Additional Bonds and Refunding Bonds Sample Clauses

The "Additional Bonds and Refunding Bonds" clause defines the conditions under which an issuer may issue new bonds in addition to those already outstanding, as well as the process for issuing bonds to refinance or replace existing debt. Typically, this clause outlines requirements such as maintaining certain financial ratios, obtaining consent from existing bondholders, or ensuring that new bonds do not impair the security or rights of current bondholders. Its core practical function is to provide a clear framework for managing future borrowing and refinancing, thereby protecting the interests of both the issuer and the bondholders by preventing unregulated increases in debt or changes to repayment terms.
Additional Bonds and Refunding Bonds. (a) Additional Bonds may be sold and issued by UAMPS in accordance with the provisions of the Financing Documents at any time and from time to time for the purpose of financing the Cost of Acquisition and Construction. UAMPS may incur other obligations pursuant to the Financing Documents to achieve purposes deemed beneficial to the Project. (b) Any Additional Bonds shall be secured by the pledge made pursuant to the Financing Documents of the payments required to be made by the Participant under Section 27, as such payments may be increased and extended by reason of the issuance of Additional Bonds, and of other revenues of UAMPS attributable to the Project. Additional Bonds may be issued in amounts sufficient to pay the full amount of such costs and to provide such reserves as may be determined by UAMPS to be reasonably necessary.

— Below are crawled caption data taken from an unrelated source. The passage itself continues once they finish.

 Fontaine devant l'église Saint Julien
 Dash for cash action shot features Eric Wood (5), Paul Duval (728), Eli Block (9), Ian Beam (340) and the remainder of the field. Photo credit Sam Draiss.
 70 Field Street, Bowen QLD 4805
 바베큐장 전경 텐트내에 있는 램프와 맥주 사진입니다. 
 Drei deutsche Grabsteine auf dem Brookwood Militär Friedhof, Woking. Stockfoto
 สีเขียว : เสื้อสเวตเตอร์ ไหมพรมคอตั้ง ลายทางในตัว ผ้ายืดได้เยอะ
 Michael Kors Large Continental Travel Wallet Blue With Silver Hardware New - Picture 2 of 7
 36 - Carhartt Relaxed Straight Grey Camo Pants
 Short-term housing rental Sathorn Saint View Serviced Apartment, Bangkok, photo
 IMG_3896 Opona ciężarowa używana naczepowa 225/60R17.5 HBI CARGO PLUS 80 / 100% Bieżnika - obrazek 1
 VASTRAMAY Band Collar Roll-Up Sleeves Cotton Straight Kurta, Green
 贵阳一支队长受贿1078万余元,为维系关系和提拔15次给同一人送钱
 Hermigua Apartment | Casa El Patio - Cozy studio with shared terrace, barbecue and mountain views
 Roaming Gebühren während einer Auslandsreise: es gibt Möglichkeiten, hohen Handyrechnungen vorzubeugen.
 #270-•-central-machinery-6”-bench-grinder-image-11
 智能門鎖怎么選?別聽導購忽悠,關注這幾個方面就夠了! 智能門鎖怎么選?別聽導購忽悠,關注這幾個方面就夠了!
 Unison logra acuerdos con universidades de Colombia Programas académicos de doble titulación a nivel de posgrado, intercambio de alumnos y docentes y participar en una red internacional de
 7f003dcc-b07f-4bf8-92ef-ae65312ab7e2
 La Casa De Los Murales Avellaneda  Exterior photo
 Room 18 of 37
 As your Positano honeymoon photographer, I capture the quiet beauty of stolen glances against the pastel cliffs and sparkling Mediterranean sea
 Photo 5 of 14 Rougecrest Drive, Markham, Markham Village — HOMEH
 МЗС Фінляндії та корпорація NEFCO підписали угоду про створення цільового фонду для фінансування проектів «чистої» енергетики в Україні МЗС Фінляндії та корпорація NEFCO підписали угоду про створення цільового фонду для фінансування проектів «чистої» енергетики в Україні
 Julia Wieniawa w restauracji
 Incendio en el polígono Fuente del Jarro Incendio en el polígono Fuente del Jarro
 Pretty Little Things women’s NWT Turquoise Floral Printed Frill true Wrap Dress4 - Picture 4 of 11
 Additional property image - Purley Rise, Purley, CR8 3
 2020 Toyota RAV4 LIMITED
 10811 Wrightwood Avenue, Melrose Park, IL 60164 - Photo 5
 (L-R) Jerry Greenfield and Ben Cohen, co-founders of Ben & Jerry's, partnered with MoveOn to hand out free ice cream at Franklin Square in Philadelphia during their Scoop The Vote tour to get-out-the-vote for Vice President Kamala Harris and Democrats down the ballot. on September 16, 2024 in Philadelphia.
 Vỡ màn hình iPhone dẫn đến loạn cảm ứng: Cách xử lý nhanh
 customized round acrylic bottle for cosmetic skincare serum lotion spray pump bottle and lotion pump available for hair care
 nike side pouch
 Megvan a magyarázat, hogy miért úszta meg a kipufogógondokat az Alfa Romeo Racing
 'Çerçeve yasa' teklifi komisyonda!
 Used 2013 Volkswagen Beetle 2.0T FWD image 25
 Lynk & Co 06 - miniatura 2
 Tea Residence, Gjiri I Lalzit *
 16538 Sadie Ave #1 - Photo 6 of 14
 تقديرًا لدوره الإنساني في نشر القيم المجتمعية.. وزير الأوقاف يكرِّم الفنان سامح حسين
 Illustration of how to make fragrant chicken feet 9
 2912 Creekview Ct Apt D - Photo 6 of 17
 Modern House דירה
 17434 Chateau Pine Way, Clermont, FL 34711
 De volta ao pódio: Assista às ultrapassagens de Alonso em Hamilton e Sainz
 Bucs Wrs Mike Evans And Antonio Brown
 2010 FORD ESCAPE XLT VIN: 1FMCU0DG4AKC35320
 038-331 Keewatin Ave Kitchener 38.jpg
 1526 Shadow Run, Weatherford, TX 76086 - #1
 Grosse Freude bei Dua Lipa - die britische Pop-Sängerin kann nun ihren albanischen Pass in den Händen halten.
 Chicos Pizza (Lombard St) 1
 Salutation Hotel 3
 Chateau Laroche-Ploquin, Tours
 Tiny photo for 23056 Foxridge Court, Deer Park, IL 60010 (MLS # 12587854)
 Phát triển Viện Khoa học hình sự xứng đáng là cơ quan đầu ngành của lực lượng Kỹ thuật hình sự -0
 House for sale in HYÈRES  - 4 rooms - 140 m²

In the event that the Project Management Committee approves the issuance of Additional Bonds, it shall determine whether to make a capital contribution option available to the Participants and the procedures therefore. (c) In the event Debt Service Costs may be reduced by the refunding of any Bonds then outstanding or in the event it shall otherwise be advantageous, in the opinion of UAMPS, to refund any Bonds, UAMPS may issue and sell Refunding Bonds in accordance with the Financing Documents.
Additional Bonds and Refunding Bonds. Additional Bonds may be sold and issued by UAMPS in accordance with the provisions of the Financing Documents at any time and from time to time for the purpose of financing the Cost of Acquisition and Construction. UAMPS may incur other obligations pursuant to the Financing Documents to achieve purposes deemed beneficial to the Project.
Additional Bonds and Refunding Bonds. 3.4.1 The District, with the approval of the City’s Board of Representatives, may issue additional bonds (“Additional Bonds”) pursuant to the Act and the terms of the Indenture to provide additional financing for the completion of the District Improvements. The terms and conditions of such Additional Bonds, including the term of the Additional Bonds, the principal amount, amortization, interest rates, flow of funds, reserves, normal and customary conditions precedent to issuance with respect to the Additional Bonds, shall be acceptable to the Mayor, or his designee. 3.4.2 The Mayor of the City, or his designee, with the consent of the District (which consent shall not be unreasonably withheld), shall have the right to direct the District to issue refunding bonds (“Refunding Bonds”), the net proceeds of which shall be used to redeem all or a portion of the outstanding Bonds, provided that such refunding, including all costs of issuance related thereto, results in net present value debt service savings. In the event that (i) the Tax Increment Payments are estimated to exceed the Annual Debt Service of the Refunding Bonds in each Fiscal Year for the entire term of the Refunding Bonds, as certified to the District by a consultant with experience in estimating future municipal tax collections, selected by the City, with the consent of the District (which consent shall not be unreasonably withheld), and (ii) the Annual Debt Service of the Refunding Bonds in each Fiscal Year is less than the Annual Debt Service for the outstanding Bonds in each Fiscal Year, the City shall have the right to direct the District to issue Refunding Bonds in its sole discretion. The City agrees that the District shall not be liable for any costs related to the Refunding Bonds and all such costs shall be paid by the City or provided for with proceeds from the Refunding Bonds. 3.4.3 The Mayor of the City, or his designee, and the District may mutually agree to issue Refunding Bonds to modify the Debt Service Requirements of the Bonds. 3.4.4 Upon the issuance of Additional Bonds or Refunding Bonds, the Mayor of the City, or his designee, and the District shall execute a certificate reflecting the Annual Debt Service of Bonds then outstanding.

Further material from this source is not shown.